Did I mention the 186,000 Catholic lay missionaries? The nearly 3 million catechists?

And yet, when you consider that there are 1.1 billion Catholics in the world, your eyes start to pop when you consider what the impact could be if the majority of our people were well-formed intentional disciples whose baptism was coming to fruition.

Can we imagine the Dorothy Days and Mother Teresas and Thomas Aquinases and Frederic Ozanams who are in our parishes today - or crossing the street to avoid our parishes! - who do not yet know Christ and therefore, are not yet living their call? Can we begin to imagine the gifts and vocations that Christ intends to send us but we have not yet cooperated in calling them forth? Can we imagine what is at stake in our failure to evangelize and form our own?

Can we bear to imagine it?

3 Comments:

At March 19, 2007 1:53:00 PM MDT , Blogger Mark Mossa, SJ said...

Having spent some time in Mexico, I must say that I find the above comment a little puzzling.

Even if mass attendance is decreasing, it is my experience that Mexicans take their faith a lot more seriously than we do.
The comment also seems to imply that the people of Mexico don't take care of their poor. There are a lot of poor in Mexico, and my experience was that the Mexican people often take their obligation to help the poor for granted. You just don't see too many instances there of people begrudging the poor help in the "get a job" kind of way that is oh so prevalent here.

I wish more Americans were more like Mexicans in both their seriousness about their faith and their sense of obligation to the poor! We need to be asking this question just as much (if not more) about our country as theirs.

 
At March 19, 2007 2:02:00 PM MDT , Blogger Sherry W said...

Mark:

I can't respond specifically to what Theresa may have meant about Mexico in particular because I have never been there.

My question was not directed to the situation in Mexico but in general and as it pertains to the US in particular.

 
At March 20, 2007 12:56:00 AM MDT , Anonymous Therese said...

Of course there are devout people in Mexico. But it is obvious (as evidenced by the statistics presented) that the bulk of the population are not attending Church services. The people's faith and knowledge of their faith is superficial. If this weren't so, Protestant missionaries would not consider everything south of the border as a kind of open season hunting zone for Catholic conversions. Mexicans who emigrate to the US would not be converting in such great numbers. More Mexicans would be priests. The Latinos in my CCD classes would not be so ignorant of the basic tenets of their faith. We actually asked 8th graders where Jesus was born and not one could answer Bethelhem. It seems no matter how basic the question about the life of Jesus, they don't know the answer. Not only did the US catechesis fail them but so did their parents. Just think, these are the children of parents who actually cared enough to send their children to CCD classes. There are only 14 children (3/4 Latinos) coming from 2 major public schools in the Washingon, DC area. Where are the children of the rest of these universally devout Catholic emigrees?

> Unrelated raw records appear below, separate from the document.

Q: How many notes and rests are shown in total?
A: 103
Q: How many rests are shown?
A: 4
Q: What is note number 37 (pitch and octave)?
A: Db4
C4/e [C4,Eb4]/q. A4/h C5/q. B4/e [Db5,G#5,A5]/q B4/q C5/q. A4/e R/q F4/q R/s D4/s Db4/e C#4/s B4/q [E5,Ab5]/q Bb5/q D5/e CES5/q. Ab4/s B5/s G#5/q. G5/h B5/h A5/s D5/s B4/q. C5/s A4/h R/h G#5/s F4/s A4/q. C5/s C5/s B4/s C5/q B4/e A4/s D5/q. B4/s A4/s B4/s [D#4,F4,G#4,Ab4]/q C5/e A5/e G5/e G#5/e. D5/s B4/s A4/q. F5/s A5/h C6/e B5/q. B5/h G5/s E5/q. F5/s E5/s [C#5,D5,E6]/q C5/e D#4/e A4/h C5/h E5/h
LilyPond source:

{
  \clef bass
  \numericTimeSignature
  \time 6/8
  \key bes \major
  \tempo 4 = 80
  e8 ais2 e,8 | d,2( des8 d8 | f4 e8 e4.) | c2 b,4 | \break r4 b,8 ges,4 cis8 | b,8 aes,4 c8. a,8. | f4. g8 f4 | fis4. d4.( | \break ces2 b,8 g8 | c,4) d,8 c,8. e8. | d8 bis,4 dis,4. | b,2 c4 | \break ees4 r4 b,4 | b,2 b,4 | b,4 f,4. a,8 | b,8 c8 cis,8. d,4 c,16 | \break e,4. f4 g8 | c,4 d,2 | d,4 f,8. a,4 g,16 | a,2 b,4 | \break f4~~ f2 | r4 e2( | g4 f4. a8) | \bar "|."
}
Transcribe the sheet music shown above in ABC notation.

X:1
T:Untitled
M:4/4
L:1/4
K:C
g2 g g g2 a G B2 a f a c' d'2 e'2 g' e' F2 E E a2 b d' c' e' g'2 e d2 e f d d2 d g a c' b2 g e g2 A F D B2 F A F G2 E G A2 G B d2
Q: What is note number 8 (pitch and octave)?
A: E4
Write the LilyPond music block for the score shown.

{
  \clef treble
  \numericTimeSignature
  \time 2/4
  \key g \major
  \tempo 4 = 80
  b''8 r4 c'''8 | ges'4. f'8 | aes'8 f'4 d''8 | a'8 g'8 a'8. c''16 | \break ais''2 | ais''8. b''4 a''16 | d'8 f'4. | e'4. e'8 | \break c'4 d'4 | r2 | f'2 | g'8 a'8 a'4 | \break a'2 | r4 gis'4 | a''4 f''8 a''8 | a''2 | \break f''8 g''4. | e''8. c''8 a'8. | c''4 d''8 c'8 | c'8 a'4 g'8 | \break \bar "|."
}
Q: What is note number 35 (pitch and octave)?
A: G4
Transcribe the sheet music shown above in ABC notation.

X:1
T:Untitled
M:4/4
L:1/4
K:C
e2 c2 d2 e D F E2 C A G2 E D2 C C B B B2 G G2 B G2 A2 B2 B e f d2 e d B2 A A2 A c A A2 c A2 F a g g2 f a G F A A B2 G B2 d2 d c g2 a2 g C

The poor helping the poor is what happens all around the world amongst the poor. Ironically, when you are poor, it is easier to give the little bit of excess that you might have, as it is seldom enough to substantially affect your economic security or comfort. I went to Russia and my engineer counterparts had not been paid in over 6 months. Yet they still went out of their way to give us not only an adequate lunch but a lavish lunch while they sat at their desks eating food they brought from home. Individuals gave us beautiful and expensive for them gifts. It was touching. These were largely atheistic former communists. Helping each other and giving to each other is a mode of survival when you are poor or oppressed.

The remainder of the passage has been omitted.